How to Calculate ΔG Reaction
To calculate ΔG for a reaction, you need:
- The standard free energy change (ΔG°) for the reaction
- The temperature in Kelvin
- The reaction quotient (Q) for non-standard conditions
The complete formula for ΔG is:
ΔG = ΔG° + RT ln(Q)
Where:
- ΔG° = Standard free energy change (kJ/mol)

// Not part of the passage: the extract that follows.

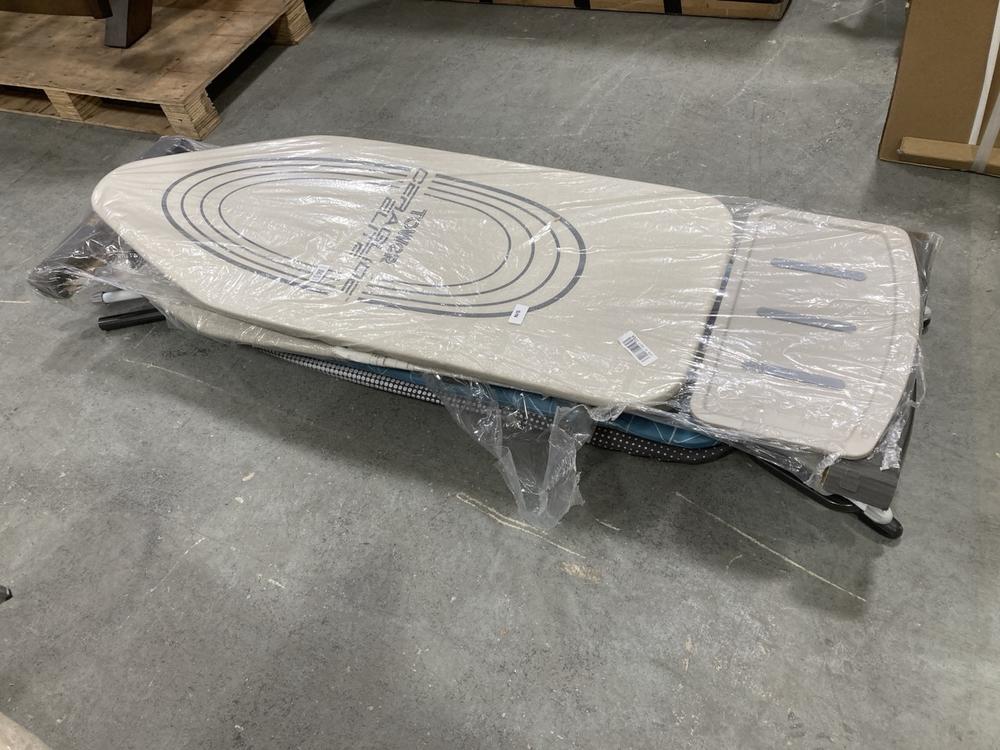 Lot 608  
            Chesterfield SR38 - Collection or Optional Delivery Available 

                
4 X ASSORTED IRONING BOARDS TO INCLUDE TOWER CERAGLIDE ELITE IRONING BOARD IN BEIGE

- R = Gas constant (8.314 J/mol·K)
- T = Temperature (K)
- Q = Reaction quotient
The ΔG Reaction Formula
The ΔG reaction formula accounts for both standard conditions and the actual concentrations of reactants and products:
ΔG = ΔG° + RT ln(Q)
For the standard state (Q = 1):
ΔG° = ΔH° - TΔS°
Key assumptions:
- Pressure is 1 atm
- Concentrations are 1 M for solutes
- Pure solids and liquids have activities of 1
Worked Example
Let's calculate ΔG for the reaction:
2A + B → C + D
Given:
- ΔG° = -50 kJ/mol
- T = 298 K
- Q = 0.5 (concentrations are half of standard)
Calculation:
ΔG = -50 + (8.314 × 298 × ln(0.5))
ΔG = -50 + (2477.6 × -0.693)
ΔG = -50 - 1723.6
ΔG = -1773.6 kJ/mol
This negative ΔG indicates the reaction is spontaneous under these conditions.
Interpreting ΔG Results
| ΔG Value | Interpretation |
|---|---|
| ΔG < 0 | Reaction is spontaneous and will proceed as written |
| ΔG > 0 | Reaction is non-spontaneous and will not proceed as written |
| ΔG = 0 | Reaction is at equilibrium |
Remember that ΔG depends on both the standard free energy change and the reaction conditions. For reactions that don't go to completion, the actual ΔG will be different from ΔG°.
FAQ
- What units should I use for ΔG?
- ΔG is typically measured in kilojoules per mole (kJ/mol) or kilocalories per mole (kcal/mol).
- Can ΔG be negative?
- Yes, a negative ΔG indicates a spontaneous reaction that releases energy.
- How does temperature affect ΔG?
- ΔG becomes more negative as temperature increases because entropy effects become more significant.
- What if my reaction is reversible?
- The ΔG value will change depending on which direction the reaction proceeds.
- How accurate is this calculator?
- The calculator provides precise results based on the formulas shown on the page, assuming you enter accurate input values.